• _Supplied material_
"""
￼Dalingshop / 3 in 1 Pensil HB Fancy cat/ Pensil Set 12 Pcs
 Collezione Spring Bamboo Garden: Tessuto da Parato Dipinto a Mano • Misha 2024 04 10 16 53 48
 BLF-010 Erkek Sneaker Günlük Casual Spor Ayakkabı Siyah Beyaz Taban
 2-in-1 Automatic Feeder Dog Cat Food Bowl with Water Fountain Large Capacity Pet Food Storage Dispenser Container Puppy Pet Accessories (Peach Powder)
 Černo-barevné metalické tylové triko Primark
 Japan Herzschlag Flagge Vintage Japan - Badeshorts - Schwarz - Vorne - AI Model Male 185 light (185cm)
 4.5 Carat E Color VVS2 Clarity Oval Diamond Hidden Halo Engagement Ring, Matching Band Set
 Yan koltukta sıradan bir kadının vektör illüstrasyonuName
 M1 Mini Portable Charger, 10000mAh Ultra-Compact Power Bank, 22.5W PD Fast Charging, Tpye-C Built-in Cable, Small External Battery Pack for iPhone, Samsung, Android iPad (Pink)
"""
• _What the task requires_
Set down word for word the lines from the first entry through the line with "BLF-010 Erkek Sneaker", both included, omitting pictures.

• _Task response_
Dalingshop / 3 in 1 Pensil HB Fancy cat/ Pensil Set 12 Pcs
 Collezione Spring Bamboo Garden: Tessuto da Parato Dipinto a Mano • Misha 2024 04 10 16 53 48
 BLF-010 Erkek Sneaker Günlük Casual Spor Ayakkabı Siyah Beyaz Taban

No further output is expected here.